The Supreme Court of Appeals of West Virginia disagreed with Anstey’s assertions for three reasons. First, the court took issue with Anstey’s failure to cite any controlling authority. 144 In other words, Anstey failed to establish that NFPA 921 was generally accepted as authoritative in West Virginia. 145 The court went on to state that

[it] cannot find, nor do the parties cite, any statute or regulation where the State Fire Commission has expressly adopted NFPA 921 as . . . [a] standard to be followed in fire investigations in this state. In fact, the statute pertaining to the State Fire Marshal’s fire investigations does not mention NFPA 921. 146

Because of this lack of authority, the court held Anstey “was not denied his right to a fair trial and due process of law through the admission of the testimony of the State’s experts.” 147 The court further stated, “[e]ven today, the admissibility of the State’s expert testimony would be assessed under Rule 702 148 of the West Virginia Rules of Evidence as evidence based on technical or specialized knowledge—and not under Daubert/Wilt,” 149 and, thus, his due process was not violated. 150

Second, the court pointed out that Anstey did not cite any authority requiring “the State’s cause and origin investigation ha[s] to follow the method outlined in . . . NFPA 921.” 151 The court further reasoned that “even after the U.S. Department of Justice described NFPA 921 as having ‘become a benchmark for the training and expertise of everyone who purports to be an expert in the origin and cause determination of fires,’ NFPA 921 continues to be described in terms of constituting ‘guidelines.’” 152 According to the court, “NFPA 921 itself provides that its procedures are not compulsory, expressly stating in § 1.3 that ‘[d]eviations from these procedures, however, are not necessarily wrong or inferior but need to be justified.’” 153

Finally, with regard to Anstey’s claim that NFPA 921 constituted newly discovered evidence in the context of advancements in fire science, the court quickly stated “it becomes abundantly clear that periodic amendments to NFPA 921 do not constitute newly-discovered evidence that would warrant a new trial in the case at bar.” 154 Thus, the court held there was no reversible error in the circuit court’s order denying habeas corpus relief. 155

III.    Analysis

There are three significant issues that surface from the Anstey case. First, West Virginia has turned a blind eye to the applicable standard in Daubert by permitting a volunteer fire investigator with questionable credentials to testify about the nature of the fire and his findings. Additionally, the Supreme Court of Appeals of West Virginia added salt to the wound by explicitly refusing to recognize the application of Daubert/ Wilt to expert fire investigation. Second, the court’s rationale suggesting the legislature or an administrative agency must codify NFPA 921 is nothing more than smoke and mirrors. Lastly, the court created an almost impossible hurdle for innocence claims by concluding that NFPA 921 consists of periodic amendments not constituting newly discovered evidence for purposes of habeas corpus relief.

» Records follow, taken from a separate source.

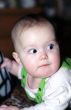 Infant looks at something with attention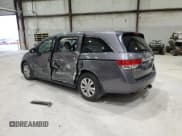 ✅ 2014 Honda Odyssey EX-L • VIN: 5FNRL5H64EB041390 • Lot: 92021555. Listed on Copart with 201,147 mi. Free auction sales archive from the USA and detailed vehicle history report at DreamBid. Image 2.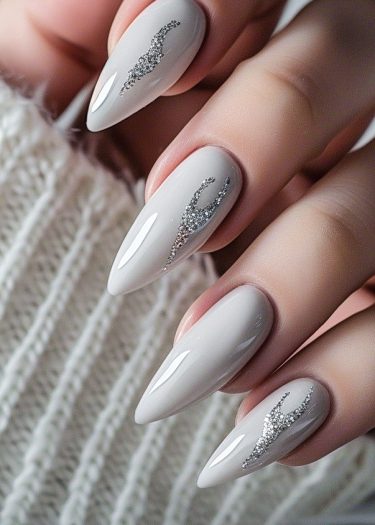 Glamorous stiletto gray nails with silver embellishments, perfect for elegant occasions.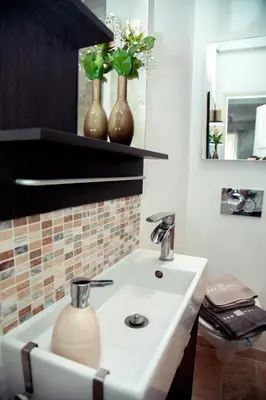 a bathroom with a sink and two vases on a shelf at AnaZa Appartement in Cannes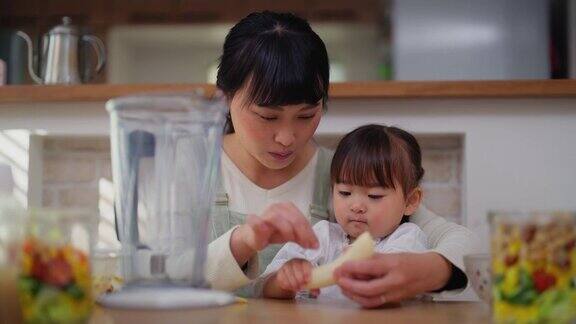 妈妈帮助她的小女儿做奶昔并鼓励她健康饮食
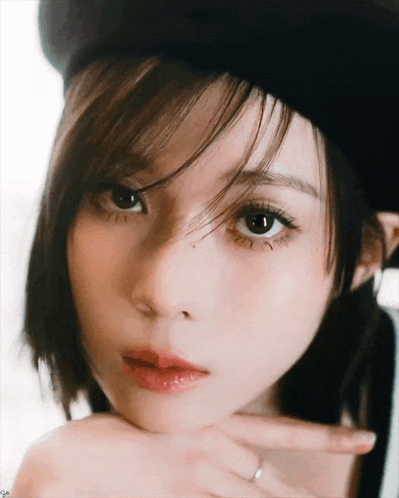 a close up of a woman 's face with her hand on her chin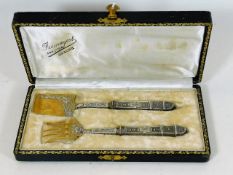 A boxed set of French silver cake servers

Section III.A explores how West Virginia courts have turned a blind eye in applying Daubert/ Wilt to experts testifying about fire investigation at trial. Section III.B argues the legislature’s failure to codify NFPA 921 does not justify the court’s refusal to recognize NFPA 921 as the appropriate standard of care. Lastly, Section III.C illustrates the hurdle created in Anstey and applied to innocence claims where the underlying conviction is arson.

A.    West Virginia's Blind Eye

At Anstey’s trial in 1995, Begley was permitted to testify about his investigation and findings. 156 Begley testified about the intensity of the fire in the kitchen and his opinion about the origin of the fire. 157 Begley’s credentials consisted of a two week, 80-hour course on fire investigation. 158 Although Begley was not qualified as an expert and his credentials were questionable, he gave testimony only an expert is permitted to give under Rule 702 and Daubert.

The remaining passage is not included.